= What you will do =
Except for images, print the whole listing verbatim.
**** Stored data
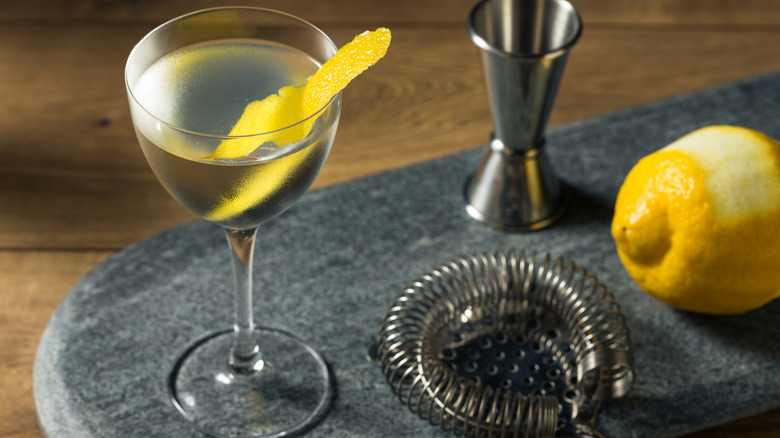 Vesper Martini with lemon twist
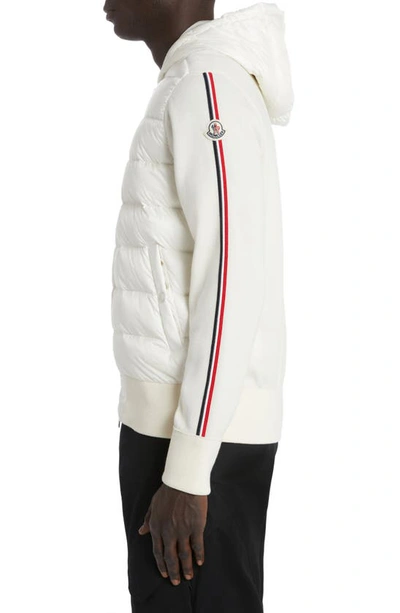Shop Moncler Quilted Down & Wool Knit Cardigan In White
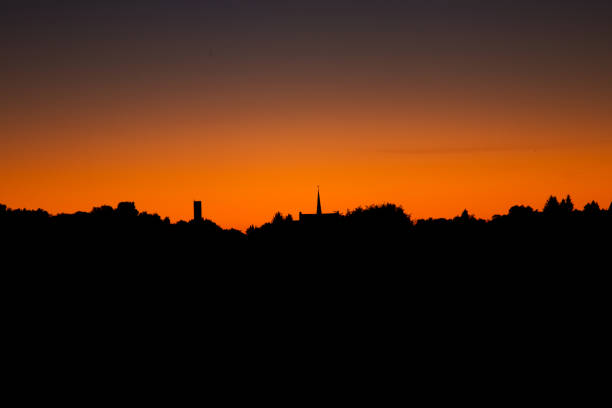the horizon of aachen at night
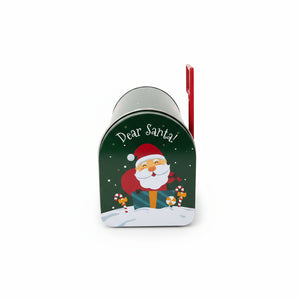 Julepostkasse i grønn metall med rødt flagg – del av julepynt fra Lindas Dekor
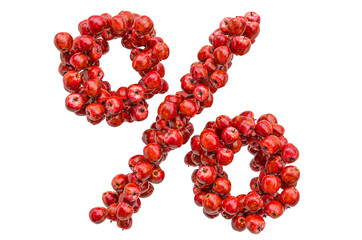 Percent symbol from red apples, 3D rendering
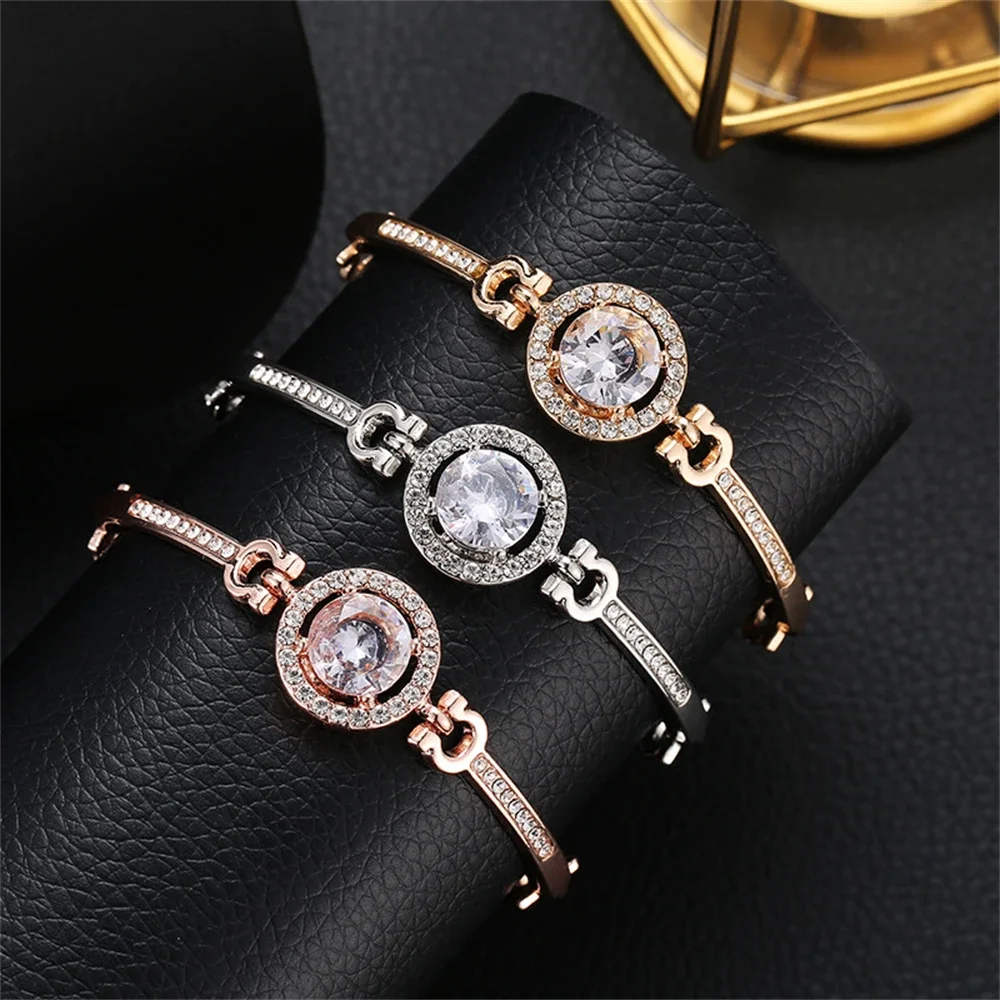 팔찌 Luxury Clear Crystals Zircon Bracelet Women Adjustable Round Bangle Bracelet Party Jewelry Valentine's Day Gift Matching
********
= Solution for this problem =
 Vesper Martini with lemon twist
Shop Moncler Quilted Down & Wool Knit Cardigan In White
the horizon of aachen at night
 Julepostkasse i grønn metall med rødt flagg – del av julepynt fra Lindas Dekor
 Percent symbol from red apples, 3D rendering
 팔찌 Luxury Clear Crystals Zircon Bracelet Women Adjustable Round Bangle Bracelet Party Jewelry Valentine's Day Gift Matching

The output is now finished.